Le sergent hésitait, tout en tortillant une cigarette qu’il ne songeait pas à allumer.

« Expliquez-vous ! » demanda Nanon.

Il reprit quelque assurance, il s’expliqua ainsi :

« Comme je le disais ce soir à la conférence, Pierre Gervais était un de ces zouaves qui, par toutes sortes d’industries, ont toujours de l’argent… Nous avions eu là-bas une bonne aubaine… D’ailleurs, il venait de se rengager pour la troisième fois… Bref, j’ai là cinquante louis… un dépôt qu’il m’a confié… pour vous, Nanon… c’est son héritage… acceptez-le ! »

Elle refusa du geste.

Vainement il insistait. À bout d’arguments, après une hésitation dernière, il lui dit :

« Si ce n’est pour vous, madame Gervais, que ce soit pour votre enfant ! »

Elle se redressa tout à coup, comme mordue par un serpent. Ce cri s’échappa de ses lèvres :

« Mon enfant ! je n’ai pas eu d’enfant !… jamais ! »

Elle palpitait d’épouvante, elle était superbe d’affirmation, elle voulait qu’on la crût.

Par malheur, Martial avait entre les mains la preuve de ce qu’il avançait.

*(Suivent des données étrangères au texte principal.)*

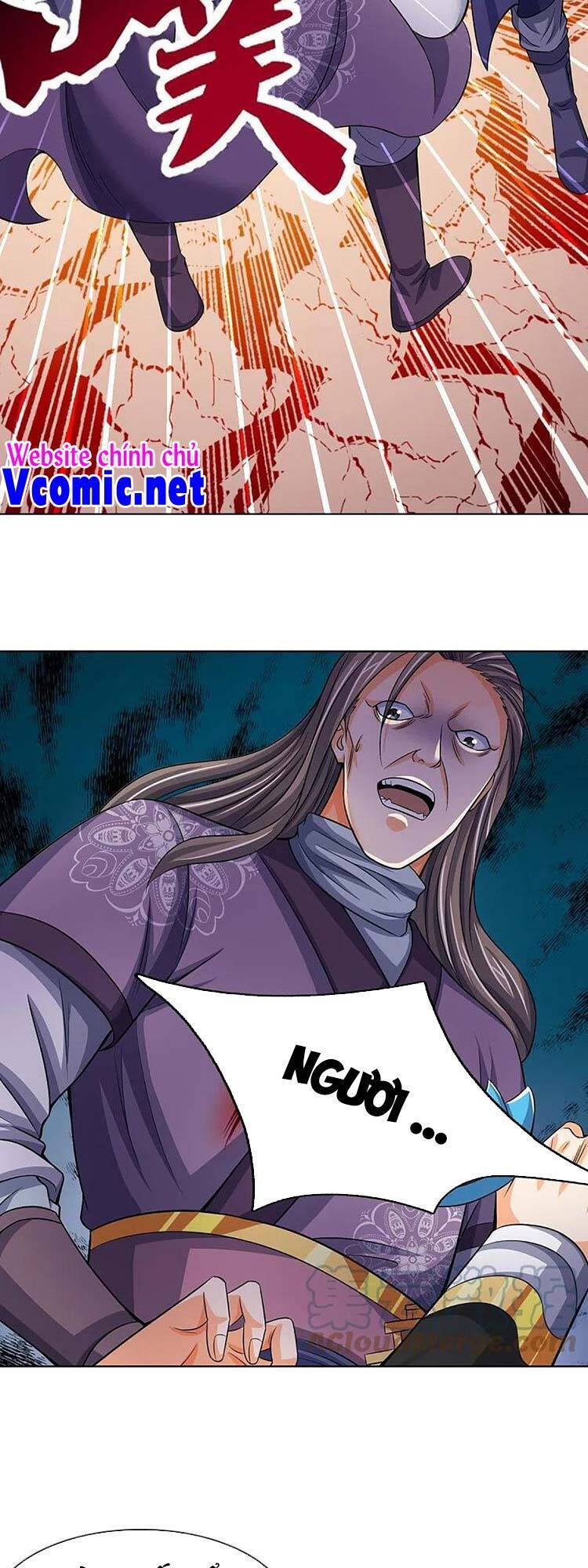 Thần Võ Thiên Tôn chapter 449 - Trang 5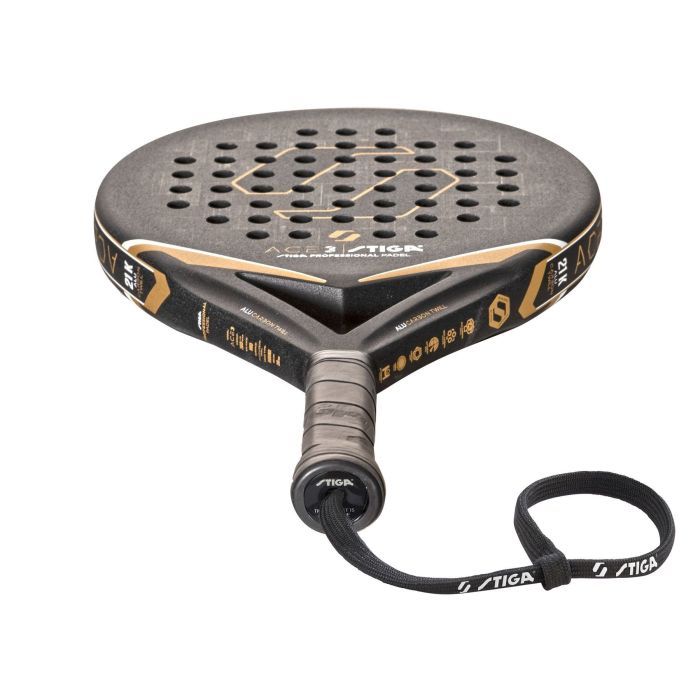 Ракетка для падел тенісу Stiga Racket ACE 3 (2202-0512-01) (931817) зображення 4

Il se contenta de sourire dans sa moustache, il dit avec l’accent d’un doux reproche :

« Ah ! Nanon, pourquoi mentir ?… La somme est enveloppée dans la lettre que vous avez écrite il y a quinze ans… la voici ! »

Un instant la Nanon resta terrifiée, béante.

Puis elle voulut s’enfuir, il la retint :

« Nanon ! je vous en supplie !… prenez cela !… Il était mourant lorsqu’il me l’a remis !… Vous lui aviez pardonné une première fois, quand il vivait ; pardonnez-lui maintenant qu’il n’est plus !… Son enfant, il me l’a recommandé… « Si c’est un garçon, me dit-il, sois son protecteur ; si c’est une fille, empêche qu’on ne la trompe, et si tu peux l’aimer, deviens pour elle ce que j’aurais dû être pour sa mère, un bon mari… » Je m’y suis presque engagé, parole d’honneur ! Ah ! si vous aviez pu nous voir dans ce moment-là, vous nous auriez embrassés tous les deux ! Quelques minutes plus tard, c’était fini !… Je suis sûr qu’il nous regarde de là-haut ! Donnez satisfaction à la pauvre âme !… Prenez, prenez ce qu’elle vous donne par ma main… et dites-moi ce qu’est devenu l’enfant… Où est-il ? »

« – Il est mort ! répondit-elle.

– Mort !… quand cela ?

– Mort en naissant. »

Et s’arrachant à l’étreinte du zouave, elle disparut dans la nuit.

Le rouleau d’or tomba, s’éparpillant dans l’herbe.

Martial restait atterré, glacé, par le dernier aveu de Nanon.

Il leva les yeux vers le ciel, il murmura :

« Mon pauvre Pierre, j’ai fait tout ce que j’ai pu pour obéir à la consigne. Si ce n’est pas assez, toi qui savais toujours imaginer des expédients, tâche de m’envoyer une inspiration qui me permette de revenir à la charge. »

Puis, le genou ployé, le corps penché vers le sol, il alluma sa cigarette, la promena dans l’herbe, retrouva les pièces d’or, les remit dans la lettre.

« Ah ! Nanon ! murmurait-il en même temps. Nanon, je t’en veux… tu n’aurais pas dû faire cet affront à l’argent d’un soldat ! »

Et, tout pensif, il reprit le chemin du manoir.